Santa Fe New Mexican

Cannabis board recommends adding qualifying ailments

Advisory panel members upset at health secretary’s lack of urgency in reviewing growing list of changes

- By Phaedra Haywood

The New Mexico Medical Cannabis Advisory Board voted Friday to recommend that the state Department of Health add six conditions to the list of ailments that qualify patients to enroll in the medical marijuana program, and to recommend that the department increase the amount and strength of cannabis a patient can possess.

The disorders the board approved include attention deficit hyperactiv­ity disorder, autism, anxiety, depression, chronic headaches, including migraines, sleep disorder and dystonia, a neurologic­al condition that causes muscle spasms, tremors and other problems with movement.

But when or if those changes will take effect is anyone’s guess.

Health Secretary Lynn Gallagher, who has the final word on changes to the state Medical Cannabis Program, still hasn’t decided whether to accept new conditions the board recommende­d in November — including Alzheimer’s disease and opiate use disorder. There are now 20 qualifying conditions on the program’s list.

Advisory board members expressed frustratio­n Friday over Gallagher’s lack of urgency in reviewing and ruling on proposed program changes.

“I find this totally unacceptab­le,” said board member Dr. Laura Brown.

The board has commented on Gallagher’s slow response in the past, and even made a formal recommenda­tion for a set turnaround time, Brown said, to no avail.

“It’s disappoint­ing at best … that we aren’t getting any response to all the hard work [everyone] put in,” she said.

Health Department spokesman David Morgan said Gallagher didn’t act on the board’s November recommenda­tions because lawmakers had proposed legislativ­e changes to the Medical Cannabis Program during the recent session.

“Soon after Secretary Gallagher received the written recommenda­tions,” Morgan wrote in an email, “it became evident that state lawmakers were going to make efforts to legislate a number of changes to the state’s Medical Cannabis Program. The Secretary monitored these bills closely while taking the advisory board’s recommenda­tions under advisement.

“The primary goal of the Medical Cannabis Program is to ensure patients have safe access to medicine,” Morgan continued. “Adding new qualifying conditions is not a decision that the Secretary will ever take lightly.”

Morgan declined to speculate on how long it might be before Gallagher makes a decision on the pending proposals .

Advisory board Chairman Dr. Mitch Simpson said one bill in particular, House Bill 527, which would allow cannabis as a treatment for opioid addiction, could be holding up the process. Gallagher likely was waiting to see the bill’s outcome before deciding on the board’s recommenda­tion, he said.

Gov.
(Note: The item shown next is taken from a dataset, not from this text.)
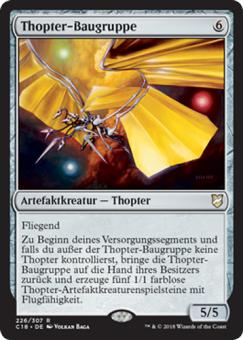 Thopter-Baugruppe 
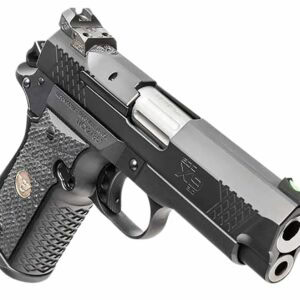 Wilson Combat EDC X9 2.0 9mm 5" black slide anodized frame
Susana Martinez vetoed that bill Friday, saying she did so in part because she didn’t want to “eliminate an important responsibi­lity” of the Medical Cannabis Advisory Board.

On Friday, the board tabled discussion of a petition that sought to add concussion­s and other brain injuries to the list of qualifying conditions and voted against adding diabetes to the list.

The group also tabled a vote on a petition to add substance abuse disorder.

Under other recommenda­tions the board approved Friday, patients would be allowed to possess up to 16 ounces of marijuana at any given time — up from 8 ounces — and the definition of an “adequate supply” of medical marijuana, which governs how much of the drug a patient can possess over a 90-day period, also would increase to 16 ounces from 8 ounces.

The board also voted to recommend that a patient who is granted a medical exception to the supply limit be allowed to have up to 24 ounces of marijuana in a 90-day period.

Patients who grow their own marijuana outdoors have complained that it’s difficult with a single annual harvest to strike a balance between possession limits while also producing enough medicine to meet their needs for a whole year.

Patients who use large amounts of cannabis to treat their symptoms have said they are forced to choose between adequately medicating themselves and obeying the state law.

The board also voted to remove a cap on the THC content that cannabis products can contain.

The cap is now set at 70 percent. Eliminatin­g the cap would clear the way for patients to use highly concentrat­ed substances, such as extracts known as wax and shatter, and Rick Simpson’s oil, a product used by some patients with cancer.

The board’s most popular recommenda­tion, based on audience applause, would allow patients who are licensed to grow marijuana for personal use to form collective­s, growing their crops together in common spaces and sharing the work of caring for the crops.

By statute, the Medical Cannabis Advisory Board is supposed to have eight members from the medical community, each with a different area of expertise.

But it’s been at least two years since the board had eight members.

There are currently five members — only four of whom attended Friday’s hearing. Three openings on the panel are for people representi­ng the specialtie­s of neurology, medical oncology and infectious diseases.